Bamboo in Europe

Bamboos from China and Japan were introduced in Europe in the early 1800s. By the turn of the century over 100 different bamboos, mostly temperate varieties, were known. The first bamboo gardens of Europe were established and bamboo gained popular recognition as a beautiful exotic garden plant. Several magnificent bamboo collections were destroyed during World War I and the popularity of bamboo waned. But through the years bamboo collectors continued  their search of ever more exotic and rare species, leading up to the bamboo revival of the present day. 
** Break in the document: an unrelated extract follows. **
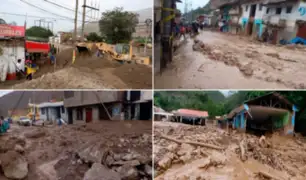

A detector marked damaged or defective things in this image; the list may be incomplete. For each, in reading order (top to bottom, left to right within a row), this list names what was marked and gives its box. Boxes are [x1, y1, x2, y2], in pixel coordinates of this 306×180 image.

In the 21st century, we are witnessing an enormous increase in 'bambooism'. At present over 400 different taxa are cultivated in Europe, over 300 of which are temperate bamboos. Information is available for only about 100 species, based on the long experience and expertise of both amateurs and professionals in Europe. 

Temperate bamboos originate in China or Japan, where they have been growing in the wild or cultivated since time immemorial. For Europe the introduction of bamboos meant the introduction of exotic plants. The latitude of Western Europe indeed is much higher than in the bamboo homelands. Also the climatic conditions differ considerably. That is why in the South of Europe (Spain, Italy and Portugal)  bamboos can grow to their original height (some up to 20 m), while in Western Europe they do not grow as tall.

In the higher latitudes, plants face shorter growing seasons, colder temperatures and more seasonal differences in temperature. In Belgium and neighboring countries bamboos grow up to about 10 m, which is of course still considerable. Since bamboo shoots reach their full height and diameter in a single 'grand period of growth', you can almost watch them grow. Shoots of subsequent years grow taller and thicker every year, until the maximum height of the plant is reached.

The specific climate in Western Europe creates many possibilities for bamboo in gardens. Depending on the species you can use bamboo as ground cover, for hedging, as wind screens to protect your garden from cold winds or for visual effects, as specimen plants or as a balcony plant.

The variation in possible uses also implies many different growth habits. Variation is found in height (lower, medium and tall bamboos), growth form (erect vertically to spreading horizontally), color of the culms (green, yellow, black, orange, yellow with green strips or vice versa, with or without black spots, etc.), and their need for sunlight (full sun to shadow).